The study was conducted according to the Declaration of Helsinki and was approved by the institutional review board of Seoul National University Hospital (H-1605-137-765). Informed consent was taken from all patients before participating in any study-related procedure.

Author Contributions

Conceived and designed the analysis: Byun JM, Shin J, Yoon SS, Koh Y.

Collected the data: Byun JM, Kim SA, Park H, Lee J, Shin DY, Hong J, Lee JO, Bang SM, Kim I, Yoon SS, Koh Y.

Contributed data or analysis tools: Byun JM, Kim SA, Park H, Lee J, Shin DY, Hong J, Lee JO, Bang SM, Kim I, Yoon SS, Koh Y.
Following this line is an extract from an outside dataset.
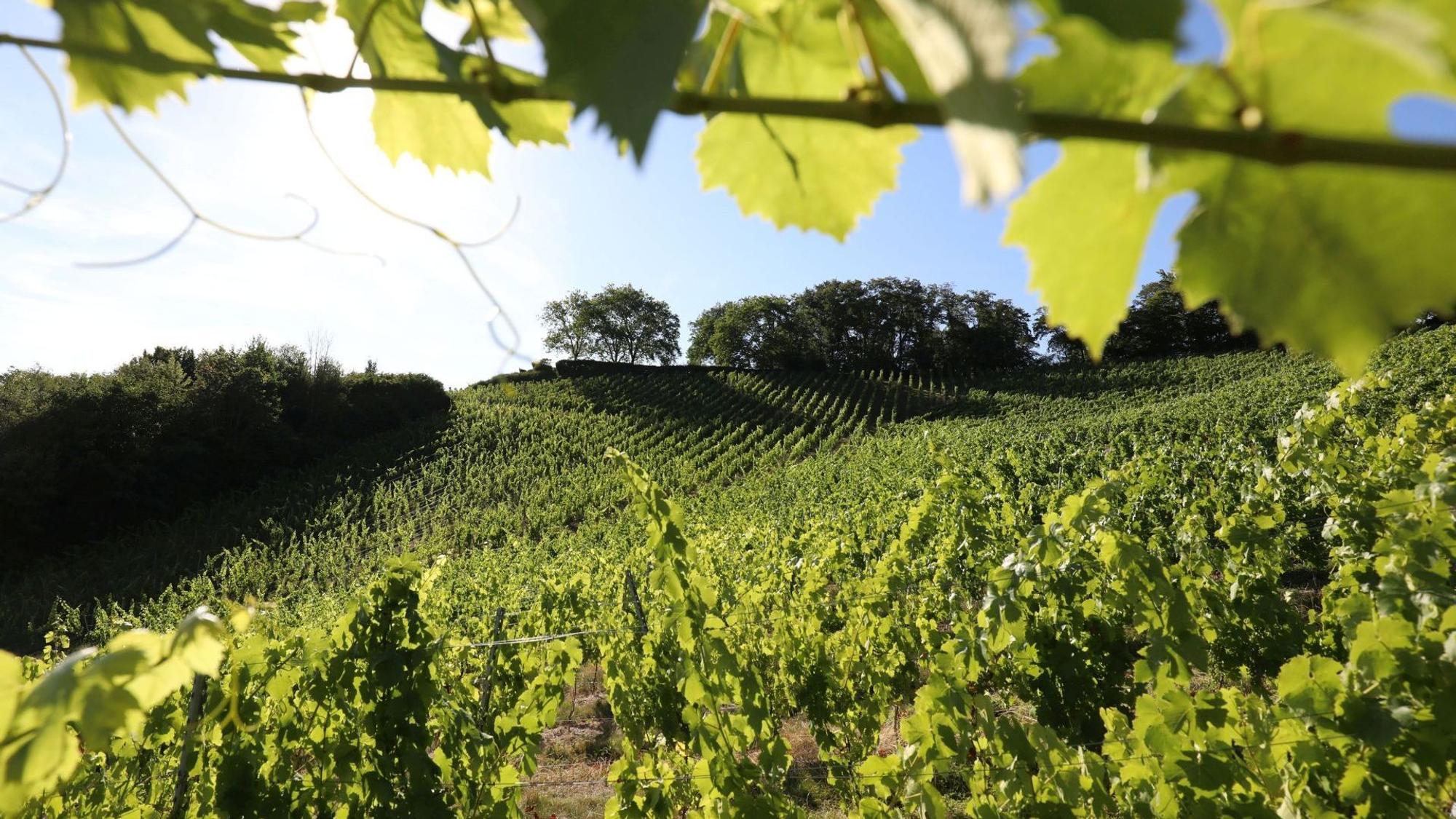 Zwischen den Weinbergen und dem Rhein führt eine Wanderung im August entlang.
Performed the analysis: Byun JM, Koh Y.

Wrote the paper: Byun JM, Koh Y.

Reviewed the paper: Shin J, Kim SA, Park H, Lee J, Shin DY, Hong J, Lee JO, Bang SM, Kim I, Yoon SS.

Conflicts of Interest

Bortezomib (Velkin®) was provided by Boryung Pharmaceutical Co.

Acknowledgments

Parts of this study was presented as an oral abstract at the 48th Annual Meeting of the Japanese Society of Myeloma, Tokyo, Japan. We would like to thank all the medical staff at Seoul National University Hospital, especially Eun Hee Park, for her devotion and unwavering support. Lastly, we thank the patients and their families for participation.

Fig. 1.
(A) Progression-free survival. (B) Overall survival.
crt-2023-681f1.jpg
Table 1.
Patient characteristics of all patients (n=15)
Characteristic No. (%)
Age (yr), median (range) 68 (55-80)
 > 65 10 (66.7)
 > 75 1 (6.7)
Male sex 10 (66.7)
R-IPSS WM
 Low 5 (33.3)
 Intermediate 6 (40.0)
 High 2 (13.3)
 Very high 2 (13.3)
ECOG
 0 1 (6.7)
 1 8 (53.3)
 2 6 (40.0)
Lymphadenopathy 11 (73.3)
Splenomegaly 7 (46.7)
Bone marrow involvement 15 (100)
 Lymphocytes (%), median (range) 28.3 (12.2-93.8)
IgM (g/dL), median (range) 3.3 (0.4-5.9)
 ≥ 3.3 5 (33.3)
 < 3.3 10 (66.7)
β-2 microglobulin (mg/L), median (range) 4.5 (1.9-9.7)
Cytopenia at baseline
 Hemoglobin ≤ 11 g/dL 10 (66.7)
 Platelet ≤ 100×109/L 3 (20.0)
 Absolute neutrophil count ≤ 1.5×109/L 2 (13.3)
MYD88L265P 7/7 (100)

ECOG, Eastern Cooperative Oncology Group; R-IPSS, revised international prognostic score system (4); WM, Waldenstrom macroglobulinemia.

Table 2.
Treatment outcomes
Outcome No. (%)
Best overall response
 CR 0
 VGPR 2 (14.3)
 PR 7 (50.0)
 MR 2 (14.3)
 SD 2 (14.3)
 PD 1 (7.1)
 Not evaluable 1 (7.1)
Response rates
 VGPR/CR 2 (14.3)
 MRR 9 (64.3)
 ORR 11 (78.6)
Death 2 (14.3)
 Disease progression 2

CR, complete response; MR, minor response; MRR, major response rate; ORR, overall response rate; PD, progressive disease; PR, partial response; SD, stable disease; VGPR, very good partial response.

Table 3.
Adverse events in 14 patients who underwent at least 1 cycle of VTD
Event term Any Grade ≥ 3
Hematologic
 Neutropenia 2 (14.3) 2 (14.3)
 Anemia 4 (28.6) 3 (21.4)
 Thrombocytopenia 3 (21.4) 1 (7.1)
Non-hematologic
 Peripheral neuropathy 6 (42.9) 0
 Constipation 8 (57.1) 1 (7.1)
 Skin rash 2 (14.3) 0
 Fatigue 1 (7.1) 1 (7.1)
Documented infection
 Viral 0
 Bacterial 3 (21.4)
 Fungal 0
Dose reduction
 Bortezomib 6 (42.9)
 Thalidomide 0
Dose delay 4 (28.6)

VTD, bortezomib-thalidomide-dexamethasone.

Table 4.
Previous clinical trials of fixed duration treatment for previously untreated WM
Study design Total patients Treatment MRR (%) ORR (%)
Current study Phase II, single arm 15 Bortezomib+thalidomide+dexamethasone 64.8 78.6
Treon et al. [19]a) Phase II, single arm 25 Rituximab+thalidomide 64 72
Ghobrial et al. [9] Phase II, single arm 26 Rituximab+bortezomib 65.4 88.5
Dimopoulos et al. [17] Phase II, single arm 59 Rituximab+bortezomib+dexamethasone 67.8 84.7
Buske et al. [20] Phase III, RCT 100 Rituximab+bortezomib+cyclophosphamide+dexamethasone 80.6 94.6
100 Rituximab+cyclophosphamide+dexamethasone 69.9 86.7

MRR, major response rate; ORR, overall response rate; RCT, randomized controlled trial; WM, Waldenstrom macroglobulinemia.

a) This trial included both previously untreated (n=20) and relapsed/refractory (n=5) patients.